22
votes

I'm trying to write a neural Network for binary classification in PyTorch and I'm confused about the loss function.

I see that BCELoss is a common function specifically geared for binary classification. I also see that an output layer of N outputs for N possible classes is standard for general classification. However, for binary classification it seems like it could be either 1 or 2 outputs.

So, should I have 2 outputs (1 for each label) and then convert my 0/1 training labels into [1,0] and [0,1] arrays, or use something like a sigmoid for a single-variable output?

Here are the relevant snippets of code so you can see:

self.outputs = nn.Linear(NETWORK_WIDTH, 2) # 1 or 2 dimensions?


def forward(self, x):
  # other layers omitted
  x = self.outputs(x)           
  return F.log_softmax(x)  # <<< softmax over multiple vars, sigmoid over one, or other?

criterion = nn.BCELoss() # <<< Is this the right function?

net_out = net(data)
loss = criterion(net_out, target) # <<< Should target be an integer label or 1-hot vector?

Thanks in advance.

2

2 Answers

49
votes

For binary outputs you can use 1 output unit, so then:

self.outputs = nn.Linear(NETWORK_WIDTH, 1)

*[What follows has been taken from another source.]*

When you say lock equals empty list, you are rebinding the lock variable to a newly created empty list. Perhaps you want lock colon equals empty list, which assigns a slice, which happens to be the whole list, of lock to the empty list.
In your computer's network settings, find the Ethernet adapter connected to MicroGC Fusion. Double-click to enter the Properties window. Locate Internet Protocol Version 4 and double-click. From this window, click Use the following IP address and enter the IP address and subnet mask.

Then you use sigmoid activation to map the values of your output unit to a range between 0 and 1 (of course you need to arrange your training data this way too):

def forward(self, x):
    # other layers omitted
    x = self.outputs(x)           
    return torch.sigmoid(x)  

Finally you can use the torch.nn.BCELoss:

criterion = nn.BCELoss()

net_out = net(data)
loss = criterion(net_out, target)

This should work fine for you.

You can also use torch.nn.BCEWithLogitsLoss, this loss function already includes the sigmoid function so you could leave it out in your forward.

If you, want to use 2 output units, this is also possible. But then you need to use torch.nn.CrossEntropyLoss instead of BCELoss. The Softmax activation is already included in this loss function.

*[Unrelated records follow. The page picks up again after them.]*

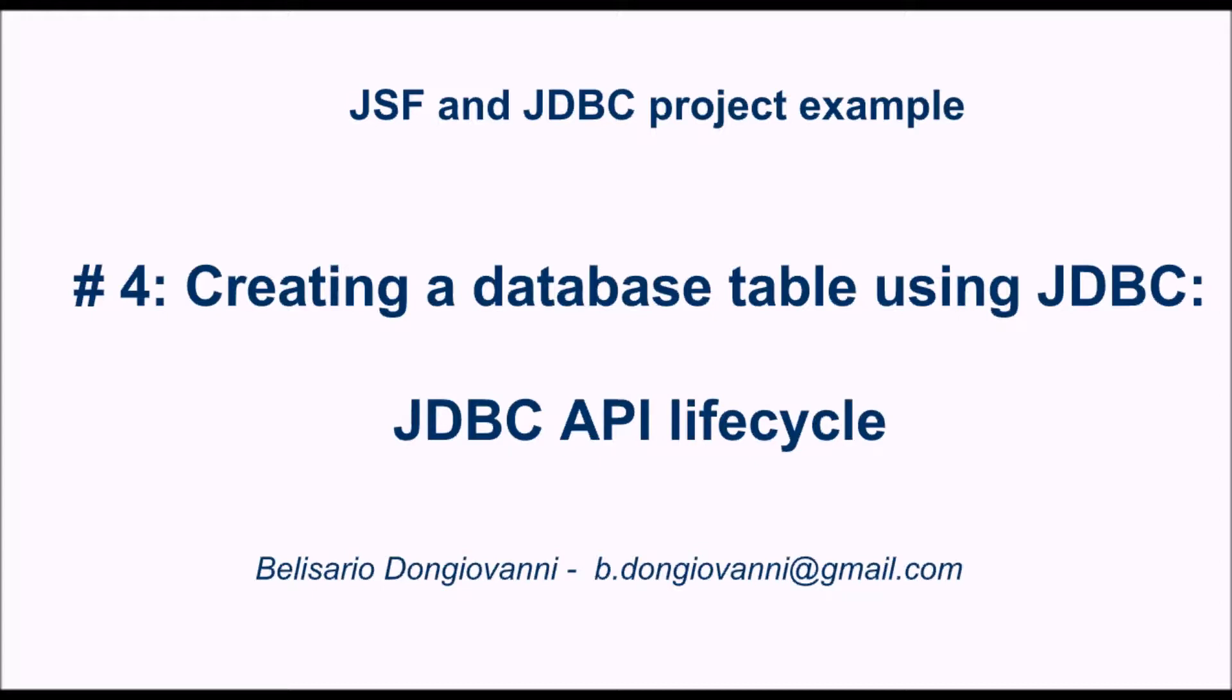In the previous videos we saw how to configure Eclipse for JSF framework, how to create a view based on a JSF template, and how to add to this view a table where to list our employees.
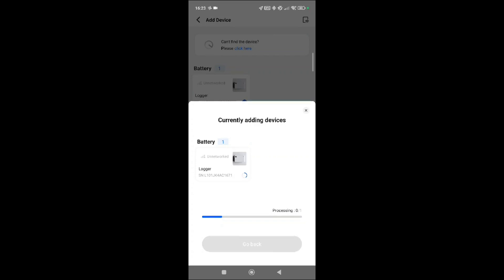So again, do bear that in mind. I'm going to quickly just pause the video while we wait for this one to bind, and then I'll rejoin you and go through all the other processes.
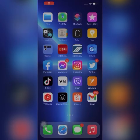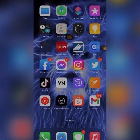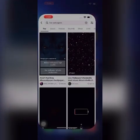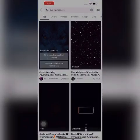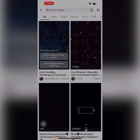Want to have a live wallpaper on iPhone? Here's how. Click your TikTok app, search live wallpaper, then choose your live wallpaper.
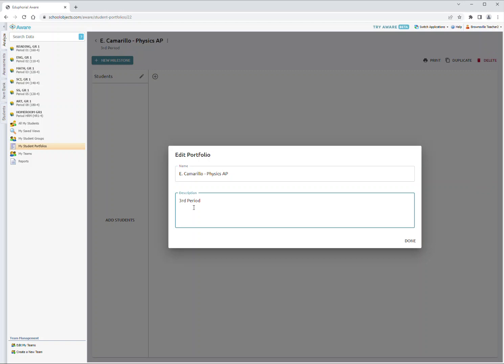please include the grade levels you're tracking in your folder. For example, 11th grade. If your class spans multiple grade levels, include all of them. So if you're teaching AP Physics with 11th and 12th graders, you would put third period, 11th and 12th. We need this information to properly track your SLO.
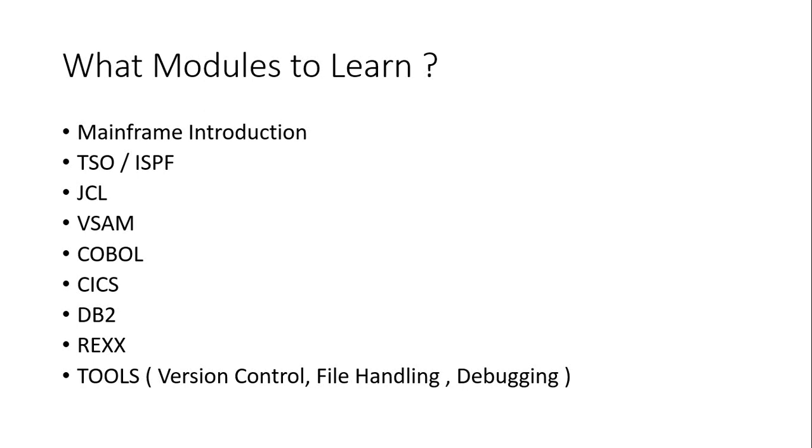So basically it will be all the file concepts, like we will be coming across what is physical sequential file, what is PDS, what is data, what is member and all those different concepts will be there.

Edit: I just want to emphasize that there is a real difference in doing so. Using 2 output units gives you twice as many weights compared to using 1 output unit.. So these two alternatives are not equivalent.

0
votes

Some theoretical add up:

For binary classification (say class 0 & class 1), the network should have only 1 output unit. Its output will be 1 (for class 1 present or class 0 absent) and 0 (for class 1 absent or class 0 present).

For loss calculation, you should first pass it through sigmoid and then through BinaryCrossEntropy (BCE). Sigmoid transforms the output of the network to probability (between 0 and 1) and BCE then maximizes the likelihood of the desired output.